TABLE-US-00002 TABLE 2 Ratio of Tween 20/cryoprotectant Mannitol Trehalose Saccharose Lactose Ratio of 1:0.5 1:0.5 1:0.5 1:0.5 structured Tween 1:1 1:1 1:1 1:1 20/cryoprotectant 1:2 1:2 1:2 1:2
 The lyophiliser used is an Edwards model operating at a pressure of 2 atm and at a temperature of -55° C. The samples thus obtained were resuspended in a volume of distilled water equal to the volume of suspension initially used and subjected to fluorimetric analyses: in particular the fluorescences of the various freeze-dried resuspensions thus obtained were compared with the fluorescences of the vesicles containing calcein not subjected to freeze-drying integer and destroyed with isopropanol.

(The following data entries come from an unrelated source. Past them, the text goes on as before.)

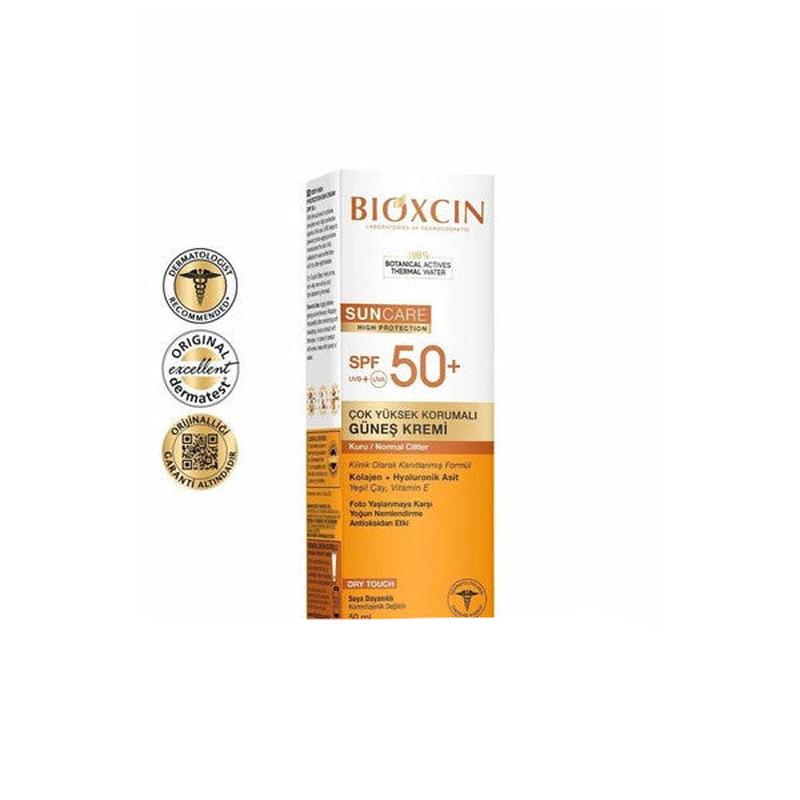 Bioxcin Sun Care Spf 50 Very High Protection Sun Cream For Dry And Normal Skin 50 Ml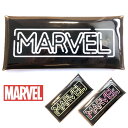 クリアマルチケース マーベル/ペンケース 筆箱 コスメポーチ メイクポーチ メガネケース ビニール 文具 marvel ネオン ロゴ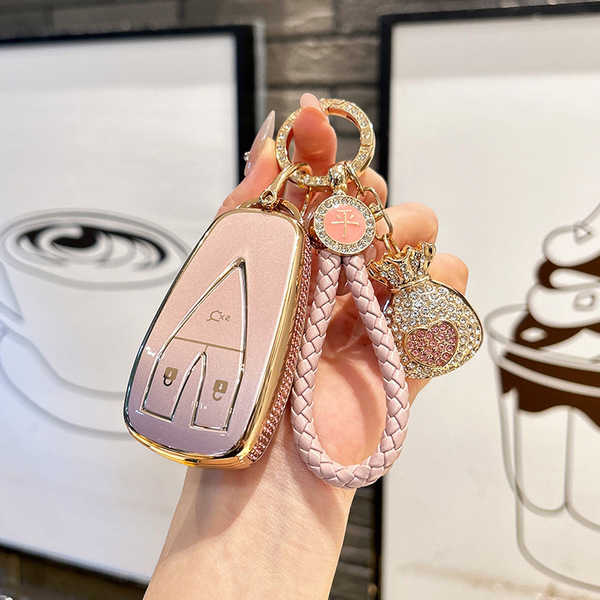 Changan CS75 Plus Key Cover - Durable & Stylish | Wholesale & Custom - Intelligent 3-button quicksand powder + lucky bag woven rope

Preparation of Freeze-Dried Samples Containing BDP
 The method of freeze-drying with cryoprotectant implemented by the experiments on vesicles containing calcein described above was used to freeze-dry vesicular suspensions containing BDP. The samples thus obtained were resuspended in a volume of water for HPLC equal to the volume of suspension used; HPLC analyses were carried out on these samples.
Electron Microscopy After Freeze-Fracture
 The freeze-fracture microscopy technique is an electron microscopy technique which is frequently used to study the internal organisation of membranes; it consists in rapidly freezing the `fresh` biological sample and fracturing it using a cold blade; the plane of fracture is used as a basis for obtaining a complementary replica by deposition under vacuum of platinum-carbon; the final step consists in removing all biological material from the replica. At this point the replica can be analysed by electron microscopy. Generally, the sample is also pre-treated with glycerol so as to ensure cryoprotection.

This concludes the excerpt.